Step Two: Protect the Flower Heads as They Form

You'll need to leave your favorite lettuce plants in your garden while they go to seed. You'll no longer be harvesting leaves from them, but you'll soon be able to admire the dozens of pretty lettuce flowers they produce. These flowers attract pollinators to your garden right around the time your fruiting plants need pollination.

Lettuce flowers form from top to bottom on the plant. Most of these little florets will self pollinate (meaning you don't need insects to come visiting), but it is possible for them to cross pollinate if you have a bunch of different lettuce varieties growing close together and flowering at the same time. If you're concerned about cross pollination, just place a small mesh bag (you know, like those little organza bags you might store jewelry in) around the seed head. This will keep pollinators out, and it also helps collect any seeds that might fall and be carried away by the wind.

Your plants will also need to be staked or placed inside an obelisk trellis now that they've grown so tall to prevent them from falling over.

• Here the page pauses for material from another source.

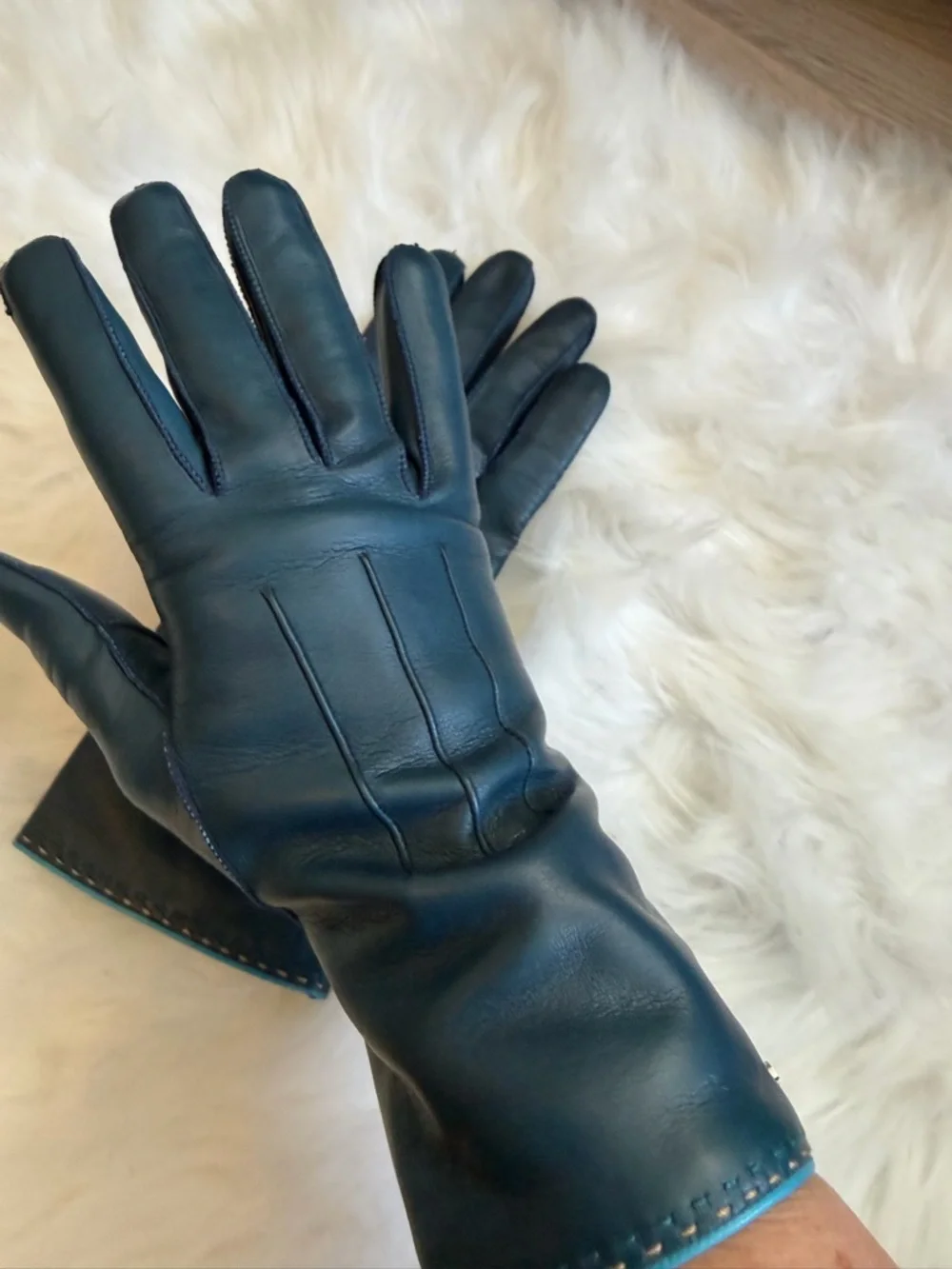 Coach Teal Leather Gloves with Cashmere Lining - Picture 4 of 8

lettuce flowers about to open up

Step Three: Collect the Seeds

Lettuce seeds are ready for harvest about 2 to 4 weeks after the flowers have formed. As soon as your flower heads begin drying up, cut the entire lettuce plant at its base, right at the soil level, using a clean pair of pruners. Tie a piece of twine around the stem and hang the plant upside down in a cool, dry place for a couple of days. The seeds will need to be completely dried out before you collect them or they could mildew. You'll know they're dry when they're nice and loose and ready to fall off.

Shake the bolted lettuce plant over a bucket or tarp to collect the little brown seeds. Use your fingers to rub free any stubborn seeds. Before storing the seeds, pick through and remove the chaff (the debris from the dead plant).

Each little lettuce floret can contain up to 25 seeds, so you should be looking at a pretty large supply of lettuce seeds for next year.

how to save lettuce seeds

How to Store Lettuce Seeds Saved from Your Garden

Store your collected lettuce seeds in a paper sack, a jar, or an envelope. Be sure to label with the date collected and the type of lettuce seed. Your seeds can potentially last up to five years if you store them properly (in other words, protect them from heat, direct sunlight, and moisture to prevent mold and premature sprouting).

Need a Place to Store Your Seeds?

Keep seeds organized and ready for sowing with this handy seed organizer tin. The galvanized finish lends timeless style, and calendar dividers ensure seeds are in hand at the perfect time for planting.

How I Inadvertently Grew the World's Tallest Lettuce Plant While Waiting on Seeds to Form

My favorite salad mix is called Rocky Top lettuce mix, from Baker Creek Seeds. It's similar to a spring mix you'd buy from the grocery store (but way tastier, of course), so it's got romaine, red lettuce, butter crunch, and then some rare heirloom seeds.

Lucy, the world's tallest lettuce plant, grew from this seed mix and was clearly an heirloom lettuce. (Yes, I did name her.)

I planted seeds from this mix at the end of February, and just two months later, the resulting plants started to bolt. I removed Lucy's friends from the garden, but Lucy herself was just looking too beautiful to cut. Sure, she was bolting and growing taller, but she didn't appear scraggly or out of control. She still looked like she was living her best life, so I left her to stand tall in all her bolting glory.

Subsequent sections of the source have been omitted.